Togo’s security minister Colonel Yark Damehame told the local Radio Victoire that the arrest of Alassane, who is close to the PNP, was justified.

“In his sermons he has been calling for violence and hatred… The last straw was last Friday when he called on his followers to kill soldiers,” he said.

The claims have been denied.

In Bafilo, near Sokode, young people also took to the streets and erected barricades, blocking the main road, said a member of the opposition CAP 2015 coalition, Tchatchibara Akim.

There were clashes in the Agoe area of Lome, which is a PNP stronghold. Two customs offices were set on fire and youths burned tyres, according to local residents.

The suburb in the north of the capital was calm on Tuesday morning but there was a strong security presence.

– Opposition march –

Imam Alassane has long been a dissenting voice in Togo but his arrest comes at a time of heightened political tension in Togo in recent months.

He has allied himself with the PNP of Atchadam, who has spearheaded protests against President Faure Gnassingbe that have mobilised hundreds of thousands across the country.

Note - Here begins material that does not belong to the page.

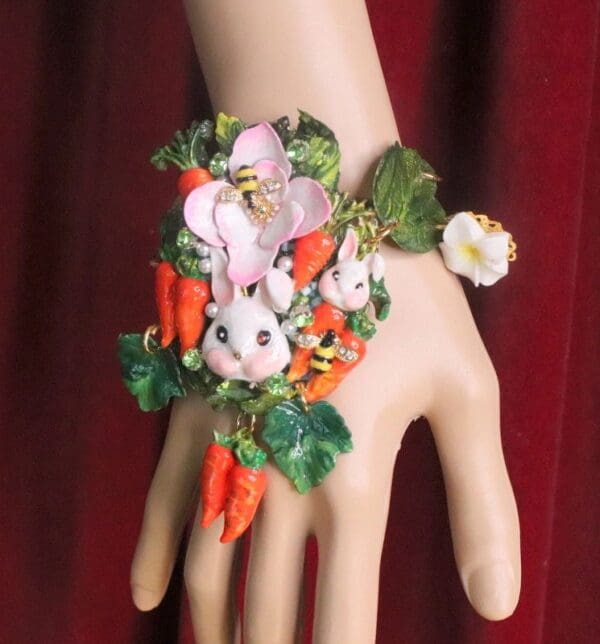 SOLD! 7372 Baroque Oak Vivid Enamel Bunny Carrots Hand Painted Adjustable Bracelet - Image 2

The PNP and 13 other opposition parties are calling for political change in Togo to end the 50-year rule of the Gnassingbe family.

They want a limit on the number of presidential mandates to two — in line with practice elsewhere in west Africa — and the introduction of a two-round voting system.

The opposition parties have vowed to defy a government ban on midweek protests by marching in the capital Lome on Wednesday and Thursday.